- SUPPLIED DATA:

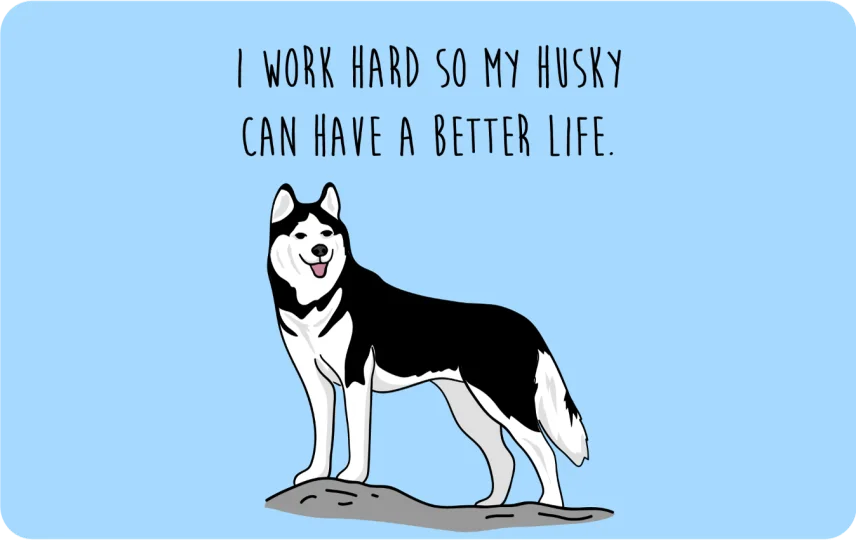 Husky can have a better life
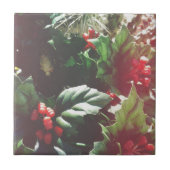 kerstcatctus tegeltje (Voorkant)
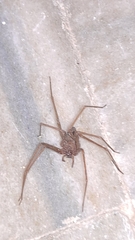 Loxosceles rufescens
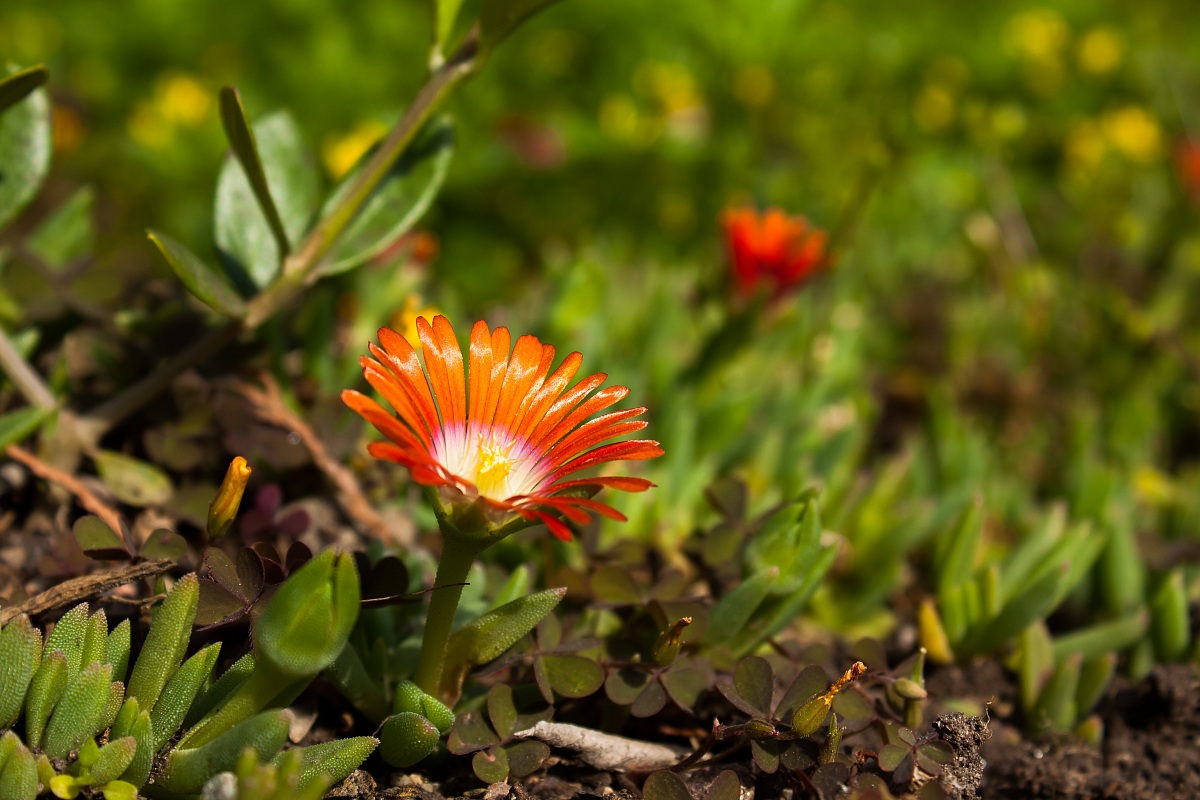 Fine di una giornata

- ABOUT THIS EXERCISE:
Could you repeat the listing above exactly, omitting its pictures?

- OUTPUT OF THE EXERCISE:
 Husky can have a better life
 kerstcatctus tegeltje (Voorkant)
 Loxosceles rufescens
 Fine di una giornata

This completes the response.